One other thing from a writer’s perspective also caught my eye. She leaves out information about her relationship with her husband at a key point of the book which I will not reveal as it’s a spoiler for the memoir. But the absence of information is powerful in how it allows me to see her. Deep pain can be described or it can be inferred. It’s like in a movie when the director has a choice to either show the murder or show a shadow of the murder. Each can be powerful but what is  not shown is filled in by the imagination of the reader. Some readers of Cyndi’s memoir may get angry because she leaves this out. As a writer I was fascinated by the story the shadow told me.

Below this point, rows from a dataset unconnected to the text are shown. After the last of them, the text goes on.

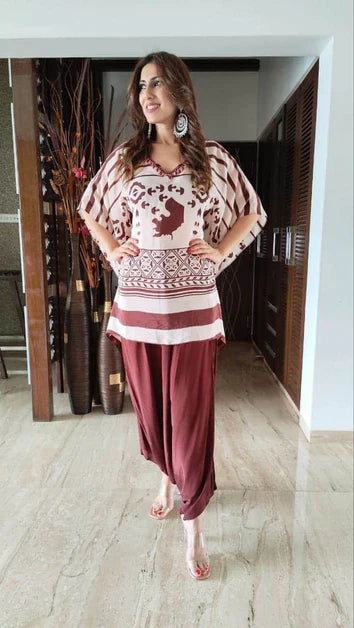 Luxury Maroon Crepe Co-Ord Set
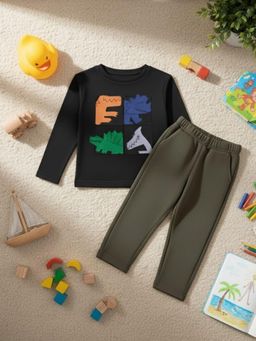 RIGO - Boys Black Printed Cotton T-Shirt with Pant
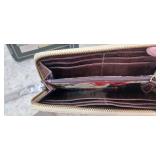 SHARIF BOHO EMBROIDERED BUTTERFLY ZIP-AROUND WALLET Natural Multi~NIB!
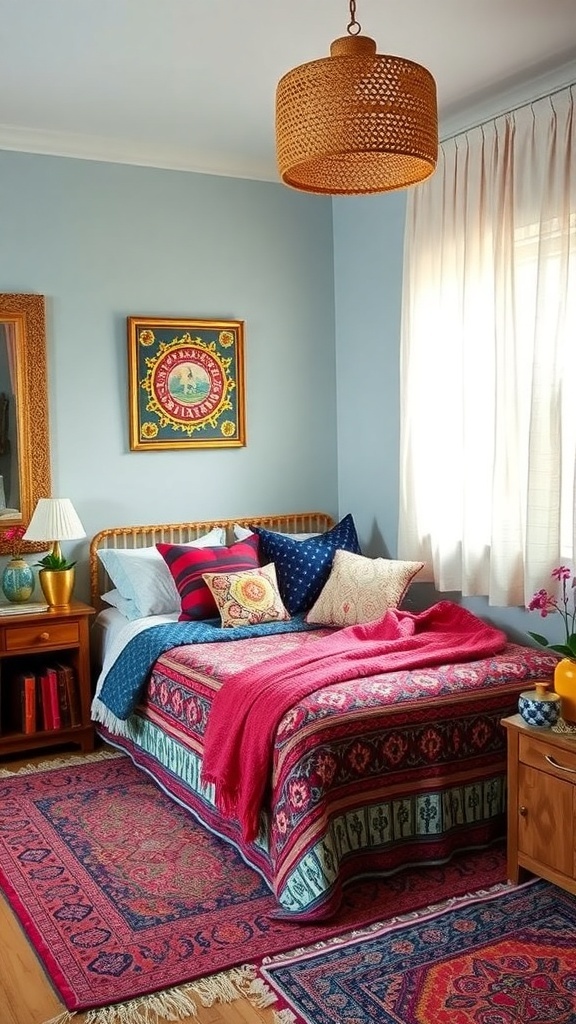 A boho bedroom featuring colorful bedding, patterned pillows, and woven decor.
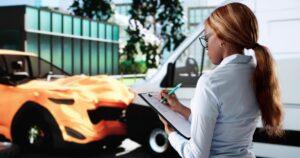 An insurance adjuster investigating the scene of a crash. Learn about who determines fault in a car accident claim in New York.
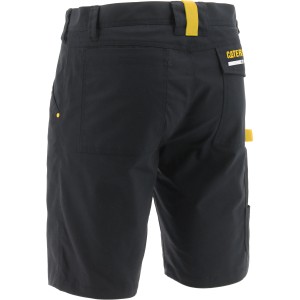 Schwarze Cat Jobshort Essential Größe 32, Arbeitskleidung mit Taschen und gelben Akzenten.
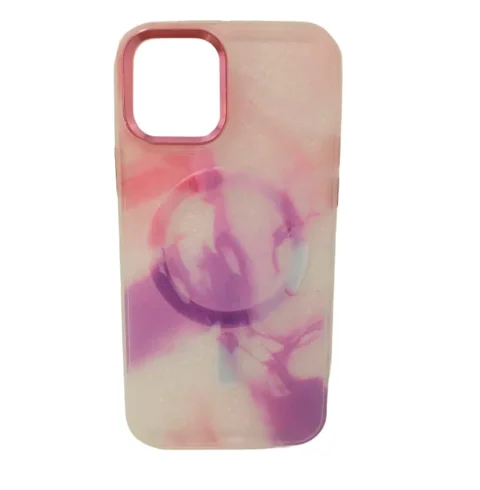 Forro Magsafe Acuarela Rosa Para iPhone 12 / 12 pro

Now here’s a question for you. With a little punctuation, how many different meanings can you make with the title of this blog post?


Breaking Bread not Heads

ASK THE PASSENGERS by AS King

I finished Ask the Passengers a few days ago by A.S.King. I’ve been letting it percolate and settle. Her novels do that to me. I won’t tell you what the ending is but I will tell you it is perfect. I didn’t expect it, the way A.S.King wrote that ending – having her cake and eating it too. If you read the book, and I highly recommend you do as it’s wonderful, I’d like to know what you think about the ending.

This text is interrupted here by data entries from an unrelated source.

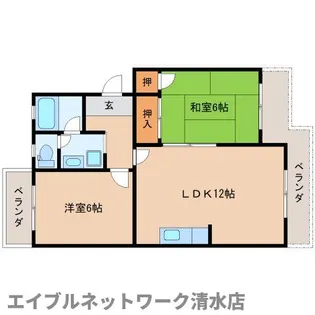 静岡県静岡市清水区蜂ヶ谷【マンション】の間取り
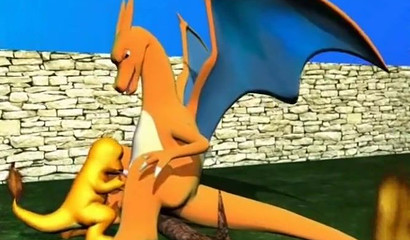 Baby Charmander sucks a huge cock of the dragon Chirizard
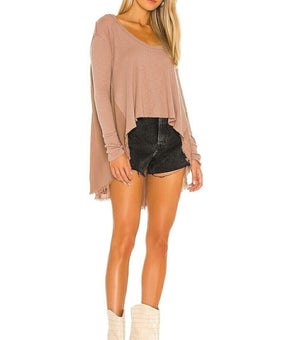 Free People Tt Special Waffle Knit High/low Top Brown Latte Size L MSRP $68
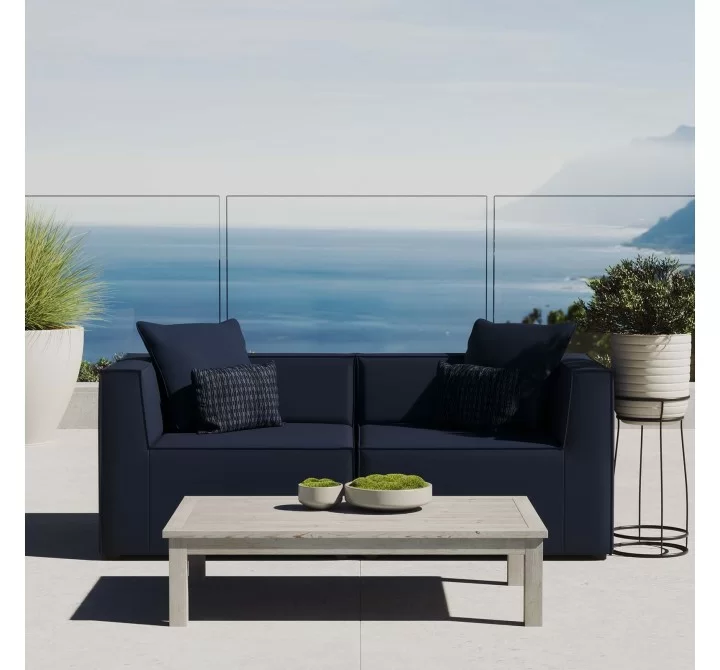 Modway Saybrook Outdoor Patio Upholstered 2-Piece Sectional Sofa Loveseat - Navy - Lifesttyle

But that’s not the only thing, however veiled I’m being about gobsmacking perfect endings, that I learned from her latest book. Actually all three of the books I’ve read of hers, Everybody Sees the Ants, and Please Ignore Vera Dietz, included, demonstrate a great narrative writer’s technique.

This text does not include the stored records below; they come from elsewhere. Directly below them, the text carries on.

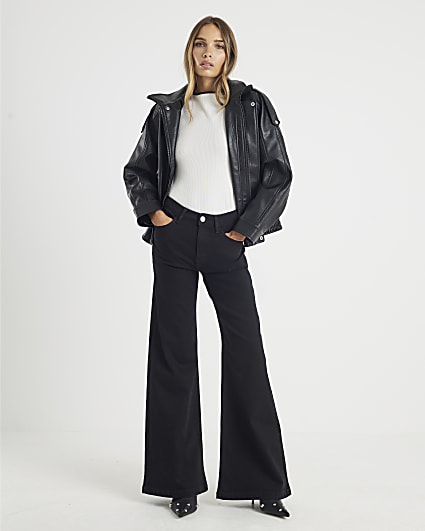 Black High Rise Palazzo Jeans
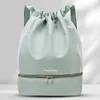 Shopping Bags Drawstring Gym Sackpack Water Resistant Sports String Knapsack With Shoe Compartment For Fitness Yoga Exercise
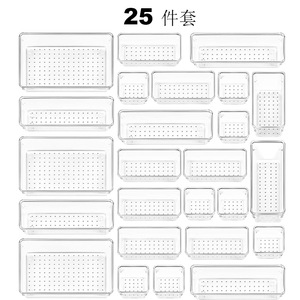 Organiseur de tiroir pour salle de bain, cuisine, bureau, maquillage, plateaux de rangement, plastique PS transparent, moulé par injection, multifonction, 5 tailles - Product Image 4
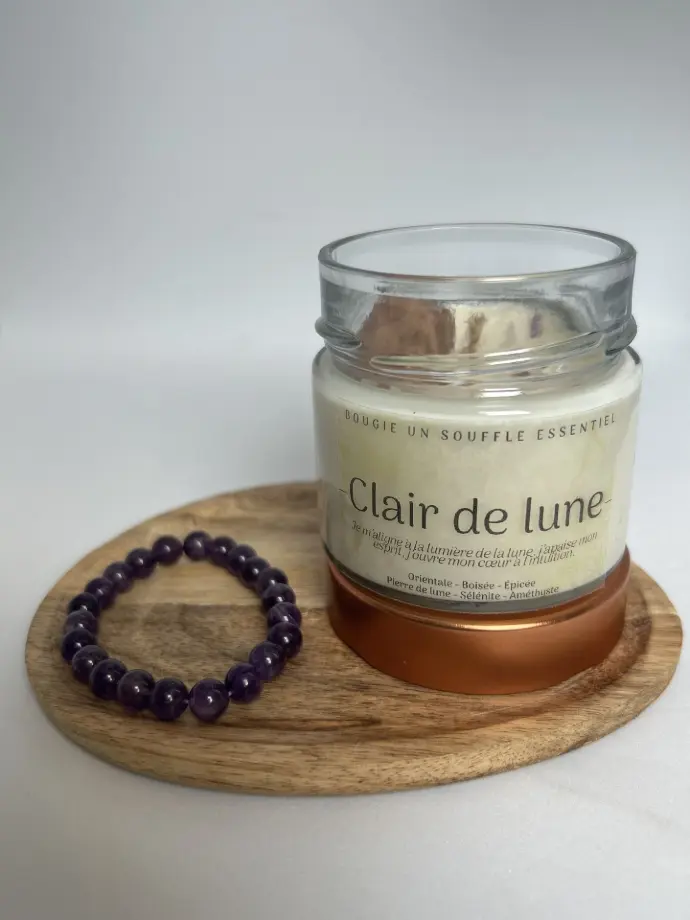 Coffret "Clair de Lune & son bracelet "Améthyste"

I’ll get back to it. Hold on.

I met a Flannery O’Connor award winning author early in my writing career (long aside in progress so watch out for piratical brussel sprouts) named Rita Ciresi. I met her at a writer’s conference in Connecticut – but I don’t remember the name of it as it was a good 20 years ago. In one of her workshops she said, “One of the things I like to do the most is put my characters in a room together and let them eat. All kinds of things happen.” Let them break bread not heads. Now I know you’re thinking, he couldn’t remember the name of the conference but he could remember what Ciresi said. Hmmm. Well, deal with it.

Now it’s back to Ask The Passengers. A.S.King uses meal time – who eats what, with whom, in what room, with what drinks – to paint a tapestry of relationships that are mostly dysfunctional – though watching how they change over the course of the book is one of the subtle joys of the story. They do dishes, cook sometimes, go out into the backyard, lie on the picnic table and stare at the planes passing overhead and send them the love they cannot give to the ones they want to. She is brilliant at creating situations at home that cause her characters to interact. As a writer and reader I watch and marvel at her ability to do this.